I'll solve this physics worksheet on vector addition by finding the x and y components of each vector and then adding the vectors as requested.
Let me start by examining the first part: finding the x and y components of each vector.

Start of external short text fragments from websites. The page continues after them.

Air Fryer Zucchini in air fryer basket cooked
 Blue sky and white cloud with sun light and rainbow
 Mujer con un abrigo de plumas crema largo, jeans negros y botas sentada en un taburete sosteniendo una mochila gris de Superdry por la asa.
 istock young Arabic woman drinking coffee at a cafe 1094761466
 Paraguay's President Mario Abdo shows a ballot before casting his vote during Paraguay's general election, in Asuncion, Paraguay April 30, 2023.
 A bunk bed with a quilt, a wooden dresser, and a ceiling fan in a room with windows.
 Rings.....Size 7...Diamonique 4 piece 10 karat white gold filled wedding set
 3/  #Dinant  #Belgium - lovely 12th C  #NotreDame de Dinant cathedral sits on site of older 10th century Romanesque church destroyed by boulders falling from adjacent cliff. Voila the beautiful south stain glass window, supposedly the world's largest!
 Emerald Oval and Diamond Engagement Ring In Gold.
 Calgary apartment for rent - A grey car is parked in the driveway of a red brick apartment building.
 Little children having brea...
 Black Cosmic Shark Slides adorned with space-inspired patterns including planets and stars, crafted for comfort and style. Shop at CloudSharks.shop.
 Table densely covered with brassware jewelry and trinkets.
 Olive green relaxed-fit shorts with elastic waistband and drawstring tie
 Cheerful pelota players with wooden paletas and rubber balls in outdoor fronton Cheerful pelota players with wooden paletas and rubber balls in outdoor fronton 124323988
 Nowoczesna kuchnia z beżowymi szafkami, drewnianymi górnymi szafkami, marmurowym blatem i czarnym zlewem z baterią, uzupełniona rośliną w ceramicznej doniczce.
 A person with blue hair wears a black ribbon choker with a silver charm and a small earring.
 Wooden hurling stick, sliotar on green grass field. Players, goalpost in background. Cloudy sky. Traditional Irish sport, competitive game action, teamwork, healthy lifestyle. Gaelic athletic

For a vector with magnitude V at an angle θ from the positive x-axis:
- x-component = V × cos(θ)
- y-component = V × sin(θ)
First vector (12 m/s at 30°):
- x = 12 × cos(30°) = 12 × (√3/2) ≈ 12 × 0.866 = 10.39 m/s
- y = 12 × sin(30°) = 12 × 0.5 = 6.00 m/s
Second vector (25 m/s at 60°):
- x = 25 × cos(60°) = 25 × 0.5 = 12.50 m/s
- y = 25 × sin(60°) = 25 × (√3/2) ≈ 25 × 0.866 = 21.65 m/s
Third vector (15 m/s at 150°):
- x = 15 × cos(150°) = 15 × (-√3/2) ≈ 15 × (-0.866) = -12.99 m/s
- y = 15 × sin(150°) = 15 × 0.5 = 7.50 m/s
Now, let's move to Part II: Adding the vectors.
First pair of vectors:
Vector 1: 12 m/s at 20°
- x₁ = 12 × cos(20°) ≈ 12 × 0.940 = 11.28 m/s
- y₁ = 12 × sin(20°) ≈ 12 × 0.342 = 4.10 m/s
Vector 2: 12 m/s at 70°
- x₂ = 12 × cos(70°) ≈ 12 × 0.342 = 4.10 m/s
- y₂ = 12 × sin(70°) ≈ 12 × 0.940 = 11.28 m/s
Resultant:
- x_total = x₁ + x₂ = 11.28 + 4.10 = 15.38 m/s
- y_total = y₁ + y₂ = 4.10 + 11.28 = 15.38 m/s
Second pair of vectors:
Vector 1: 50 m at 135°
- x₁ = 50 × cos(135°) = 50 × (-√2/2) ≈ 50 × (-0.707) = -35.36 m
- y₁ = 50 × sin(135°) = 50 × (√2/2) ≈ 50 × 0.707 = 35.36 m
Vector 2: 30 m at 90° (straight up)
- x₂ = 30 × cos(90°) = 30 × 0 = 0 m
- y₂ = 30 × sin(90°) = 30 × 1 = 30 m
Resultant:
- x_total = x₁ + x₂ = -35.36 + 0 = -35.36 m
- y_total = y₁ + y₂ = 35.36 + 30 = 65.36 m
This completes the solution for the vector addition worksheet.
Parent Tip: Review the logic above to help your child master the concept of vector components worksheet.